Change one of those settings and make the image lighter or darker.

e.g. widen aperture from f8 to f5.6 = exposure increased by 1 stop

 

Change two settings by the same amount but in opposite directions and the exposure stays the same.

e.g. widen aperture from f8 to f5.6 + increase shutter speed from 1/30 to 1/60 = no change to exposure

 

Change all three settings by equal amounts, and you change the exposure again.

e.g. widen aperture from f8 to f5.6 + increase shutter speed from 1/30 to 1/60 + decrease ISO from 800 to 400 = exposure decreased by 1 stop

 

The combinations, clearly, are manifold, but why might you want to fiddle with any of these settings at all?

The most obvious reason is that the current exposure does not look pleasing to you – it is either too light or too dark. That may be the overall exposure, or it may be an important part of the image is too bright or dark.

Remember also that each of these settings also has ‘side effects’ (again, see descriptions in Part 1).

To freeze or blur a moving subject the shutter speed may need to be changed.
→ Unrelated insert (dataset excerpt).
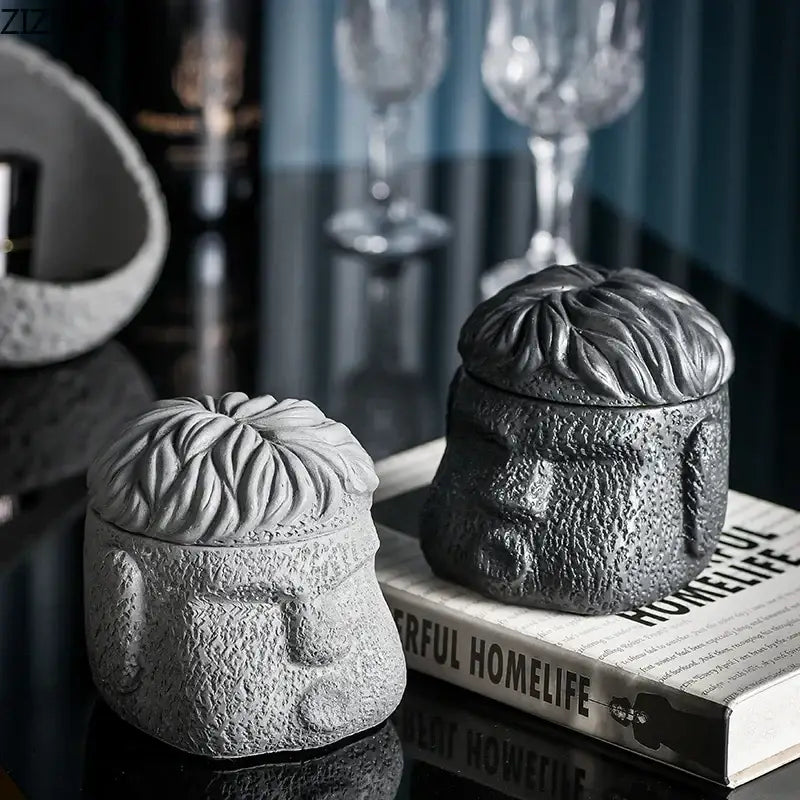 DecorBites™ Abstract Figure Portraits Cement Ashtray Smoking Accessories Gift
Freezing the freerunner below required a shutter speed of 1/500.

 

parkour frozen mid air

 

To reduce noise or to shoot hand-held in low light the ISO may need to be adjusted. The LED lights at the venue below were not particularly powerful, and I needed to hand-hold a particularly heavy lens, so an ISO of 1600 was required to facilitate a fast shutter speed of 1/200. The aperture was also wide open at f2.8.

 

high iso 1600

 

To make your subject stand out from the background or to achieve front-to-back sharpness you may need to alter the size of the aperture. The Portuguese Squill below was shot twice in rapid succession, once at an aperture of f36 and once at f3.2.

 

depth-of-field-comparison
If you are not sure which image was shot at f36 and which f3.2, refer back to Part 1 of this tutorial – or better still, have a play with apertures on your camera.

But wait just a minute, as a novice lacking the finely-tuned nose for exposure of more seasoned snappers, what values do I set as a starting point?

Metering

Once upon a time no self-respecting snapper would be caught without his or her light meter. In fact these wonderful ‘old skool’ gadgets still find employment, especially in the studio. But your digital camera is a clever beastie and contains its own meter, plus it lets you see what you have produced immediately (jumping back in time again, the humble Polaroid used to serve this function for pros).
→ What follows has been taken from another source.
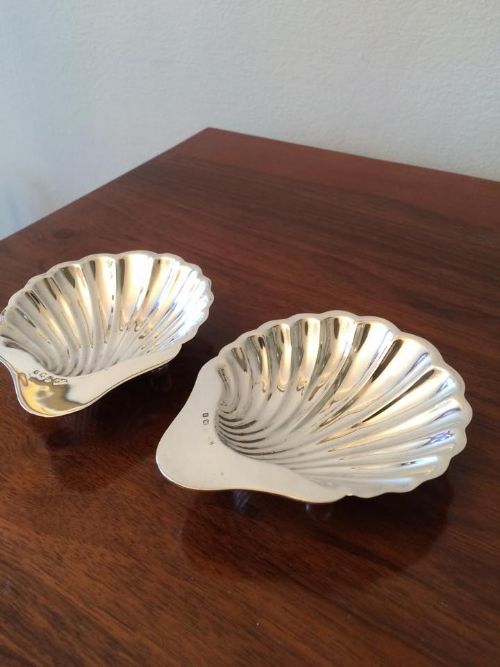 fig 1. Pair of Silver Butter Dishes by Levi & Salaman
In auto and semi-automatic exposure modes the camera uses its meter to establish an exposure for you. Even in fully manual exposure mode the meter still functions and most digital cameras will indicate whether your exposure is correct (note I said correct, not optimum which is what you want it to be).

But as already mentioned, sometimes you want the whole image to be nicely exposed, and sometimes there is just one key area that needs to be exposed well. Digital cameras offer a range of metering options for different situations. The following terminology will vary slightly depending on the make of camera.

metering
A generalised representation of metering options offered by many digital cameras.

 

Average / Matrix / Evaluative metering methods are the all-rounders. The camera uses information from most of the frame to establish correct exposure. Where lighting across the entire frame is quite even it will produce a balanced image with subject and background nicely exposed.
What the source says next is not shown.